# [Assigned task]
Leave the images out, and copy each of the records below exactly.

# [Excerpted data]
Content starts

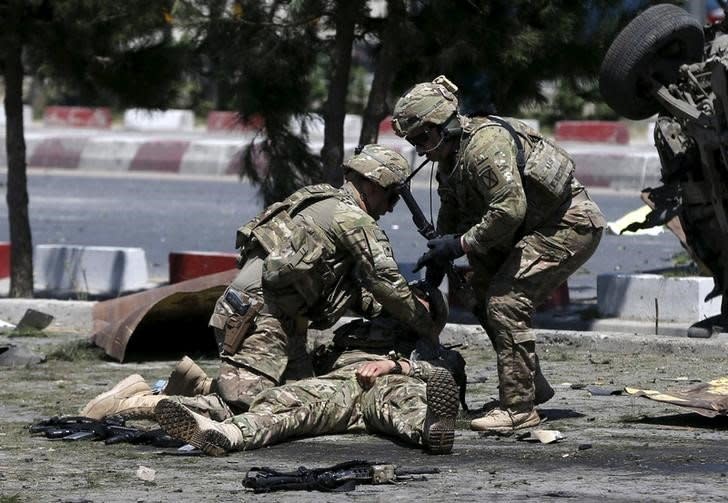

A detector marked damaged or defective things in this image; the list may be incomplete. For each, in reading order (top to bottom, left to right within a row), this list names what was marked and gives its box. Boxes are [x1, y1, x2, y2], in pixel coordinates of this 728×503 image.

overturned vehicle [604, 2, 728, 334]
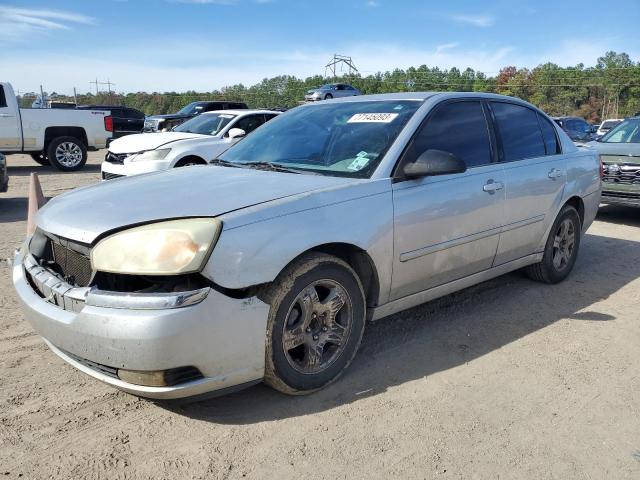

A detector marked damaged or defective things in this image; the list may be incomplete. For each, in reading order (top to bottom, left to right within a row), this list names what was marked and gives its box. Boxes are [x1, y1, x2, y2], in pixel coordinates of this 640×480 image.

damaged front bumper [13, 246, 268, 400]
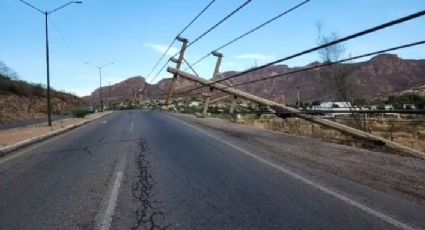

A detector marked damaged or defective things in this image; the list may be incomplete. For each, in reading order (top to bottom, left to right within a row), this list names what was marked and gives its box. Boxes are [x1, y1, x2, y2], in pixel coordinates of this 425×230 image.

crack in asphalt [131, 139, 169, 229]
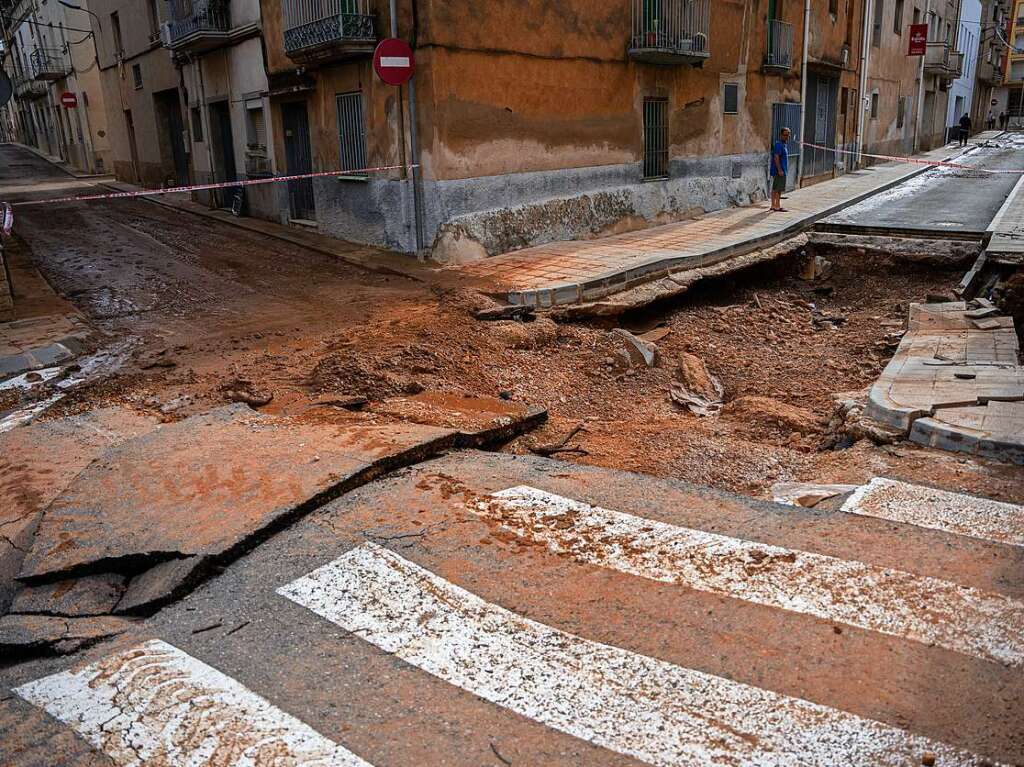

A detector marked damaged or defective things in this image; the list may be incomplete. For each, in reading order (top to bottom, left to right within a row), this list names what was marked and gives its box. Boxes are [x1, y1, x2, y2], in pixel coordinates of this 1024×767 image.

broken concrete slab [0, 616, 132, 656]
broken concrete slab [8, 576, 125, 616]
broken concrete slab [0, 408, 159, 612]
broken concrete slab [18, 402, 460, 588]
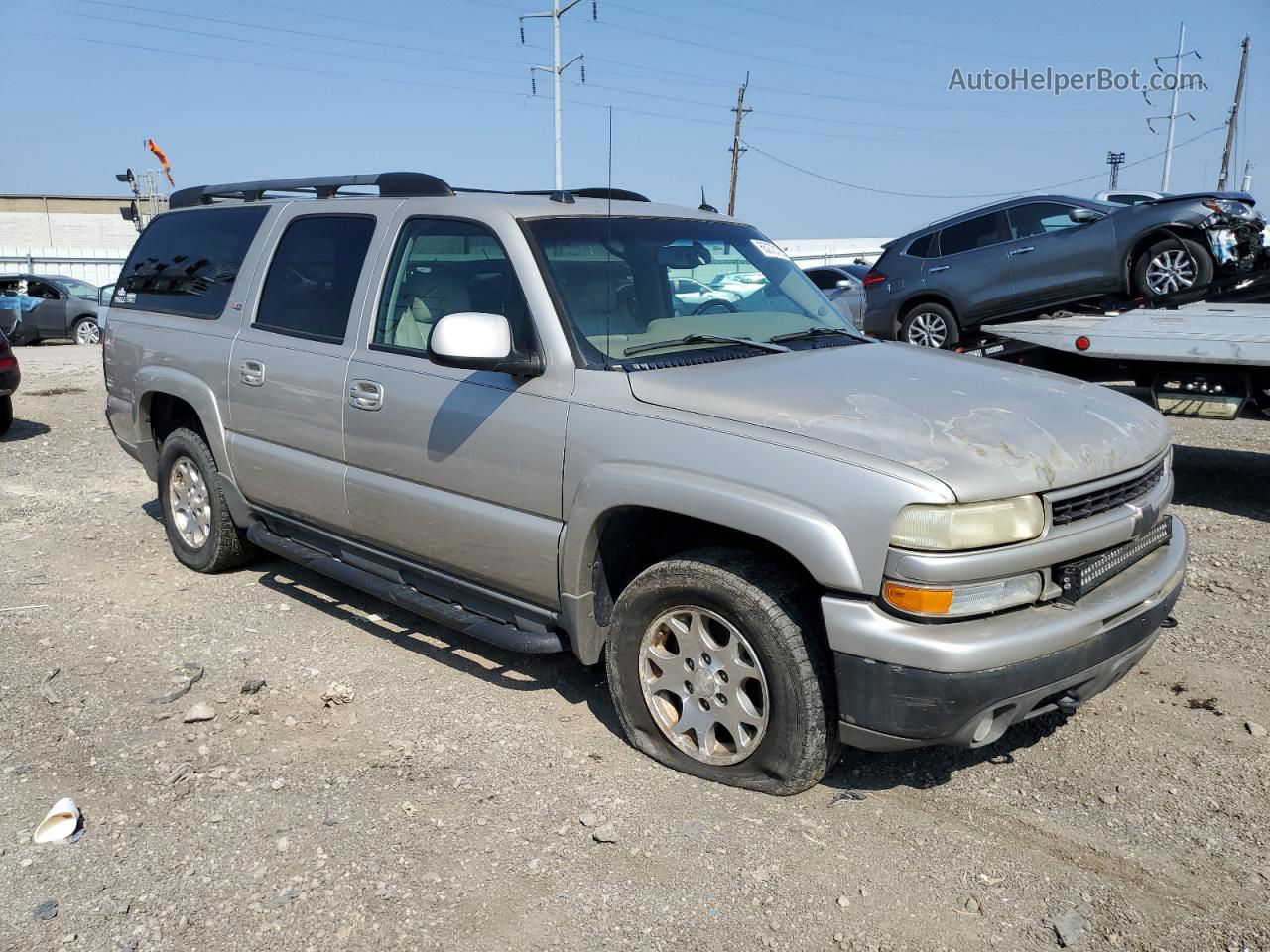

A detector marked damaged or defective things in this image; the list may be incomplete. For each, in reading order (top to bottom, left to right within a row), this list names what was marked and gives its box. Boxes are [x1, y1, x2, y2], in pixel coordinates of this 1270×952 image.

damaged suv [104, 173, 1183, 797]
damaged suv [865, 189, 1262, 345]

Content ends

# [Answer to this exercise]
A detector marked damaged or defective things in this image; the list may be incomplete. For each, in reading order (top to bottom, left to right within a row), this list names what was marked and gives its box. Boxes are [x1, y1, x2, y2], in pixel coordinates of this 728×503 image.

overturned vehicle [604, 2, 728, 334]

A detector marked damaged or defective things in this image; the list may be incomplete. For each, in reading order (top to bottom, left to right within a row), this list names what was marked and gives its box. Boxes are [x1, y1, x2, y2], in pixel coordinates of this 640×480 image.

damaged front bumper [13, 246, 268, 400]

A detector marked damaged or defective things in this image; the list may be incomplete. For each, in reading order (top to bottom, left to right within a row), this list names what was marked and gives its box. Boxes are [x1, y1, x2, y2], in pixel coordinates of this 425×230 image.

crack in asphalt [131, 139, 169, 229]

A detector marked damaged or defective things in this image; the list may be incomplete. For each, in reading order (top to bottom, left to right within a row), this list names what was marked and gives its box. Boxes are [x1, y1, x2, y2], in pixel coordinates of this 1024×767 image.

broken concrete slab [0, 616, 132, 656]
broken concrete slab [8, 576, 125, 616]
broken concrete slab [0, 408, 159, 612]
broken concrete slab [18, 402, 460, 588]

A detector marked damaged or defective things in this image; the list may be incomplete. For each, in reading order (top to bottom, left to right within a row), this list names what was marked and gives its box. Boxes are [x1, y1, x2, y2], in pixel coordinates of this 1270×952 image.

damaged suv [104, 173, 1183, 797]
damaged suv [865, 189, 1262, 345]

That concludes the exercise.